The 2035 Notes will be redeemable, at the Issuer’s option, in whole or in part, from settlement until December 11, 2034 (the date that is three months prior to the scheduled maturity date), at a redemption price equal to the greater of (i) 100% of the principal amount of the 2035 Notes to be redeemed and (ii) (a) the sum of the present values of the remaining scheduled payments of principal and interest thereon discounted to the redemption date (assuming the 2035 Notes matured on December 11, 2034) on a semi-annual basis (assuming a 360-day year consisting of twelve 30-day months) at the Treasury Rate plus 20 basis points, less (b) interest accrued but not paid to, but excluding, the redemption date, plus, in the case of each of (i) and (ii), accrued and unpaid interest on the 2035 Notes to be redeemed to, but excluding, the date of redemption.

Par Call:
2030 Notes: On or after February 11, 2030
2035 Notes: On or after December 11, 2034

Change of Control Offer to Purchase:
If a change of control triggering event occurs, the Issuer will be required to make an offer to purchase the Notes at a purchase price equal to 101% of the principal amount of the Notes, plus accrued and unpaid interest, if any, to, but excluding, the date of repurchase.

Price to Public:
2030 Notes: 99.876%
2035 Notes: 99.864%

Underwriting Discount:
2030 Notes: 0.600%
2035 Notes: 0.650%


Net Proceeds to Issuer before Expenses:
2030 Notes: 99.276%
2035 Notes: 99.214%
 
CUSIP Number:
2030 Notes: 876030 AK3
2035 Notes: 876030 AL1

ISIN Number:
2030 Notes: US876030AK37
2035 Notes: US876030AL10

Denominations:
$2,000 and integral multiples of $1,000 in excess thereof

Day Count Convention:
30/360

Payment Business Days:
New York

Book-Running Managers:
BofA Securities, Inc.
Morgan Stanley & Co. LLC
J.P. Morgan Securities LLC
HSBC Securities (USA) Inc.

Senior Co-Managers:
Citigroup Global Markets Inc.
Wells Fargo Securities, LLC
TD Securities (USA) LLC
U.S. Bancorp Investments, Inc.
 
Co-Managers:
ANZ Securities, Inc.
BNP Paribas Securities Corp.
Goldman Sachs & Co. LLC
ING Financial Markets LLC
MUFG Securities Americas Inc.
Santander US Capital Markets LLC
Academy Securities, Inc.
Loop Capital Markets LLC

*Note: A securities rating is not a recommendation to buy, sell or hold securities and may be subject to revision or withdrawal at any time.
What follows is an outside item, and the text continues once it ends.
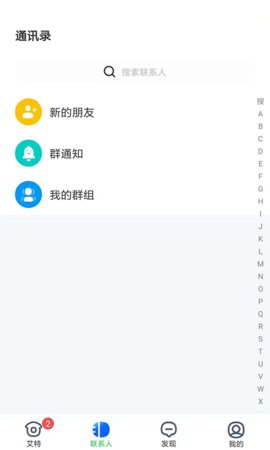 艾特交友官方版
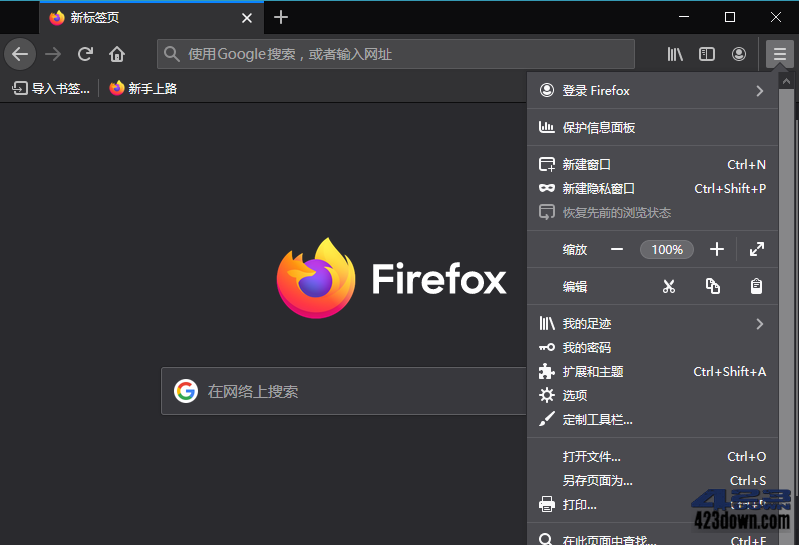 火狐浏览器 tete009 Firefox v137.0.2 便携版-三才资源库分享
We expect that delivery of the Notes will be made against payment therefor on or about December 11, 2024, which will be the fifth business day following the date of the pricing of the Notes (this settlement cycle being referred to as “T+5”). Under Rule 15c6-1 under the Exchange Act, trades in the secondary market generally are required to settle in one business day, unless the parties to any such trade expressly agree otherwise. Accordingly, purchasers who wish to trade the Notes prior to the first business day before delivery will be required, by virtue of the fact that the Notes initially will settle in T+5, to specify an alternate settlement arrangement at the time of any such trade to prevent a failed settlement. Purchasers who wish to trade the Notes prior to the first business day before delivery should consult their own advisors.
 

The Issuer has filed a registration statement (including a prospectus) with the SEC for the offering to which this communication relates. Before you invest, you should read the prospectus in that registration statement and other documents the Issuer has filed with the SEC for more complete information about the Issuer and this offering. You may get these documents for free by visiting EDGAR on the SEC website at www.sec.gov. Alternatively, BofA Securities, Inc., Morgan Stanley & Co. LLC or J.P. Morgan Securities LLC can arrange to send you the prospectus if you request it by calling or e-mailing BofA Securities, Inc. (call 1-800-294-1322 or e-mail dg.prospectus_requests@bofa.com), Morgan Stanley & Co. LLC (call toll free 1-866-718-1649) or J.P. Morgan Securities LLC (call 1-212-834-4533).
 
This communication should be read in conjunction with the preliminary prospectus supplement and the accompanying base prospectus. The information in this communication supersedes the information in the preliminary prospectus supplement and the accompanying base prospectus to the extent inconsistent with the information in the preliminary prospectus supplement and the accompanying base prospectus.
 
No EEA PRIIPs KID – No PRIIPs key information document (KID) has been prepared as the Notes are not available to retail investors in the EEA.
 
No UK PRIIPs KID – No PRIIPs key information document (KID) has been prepared as the Notes are not available to retail investors in the United Kingdom.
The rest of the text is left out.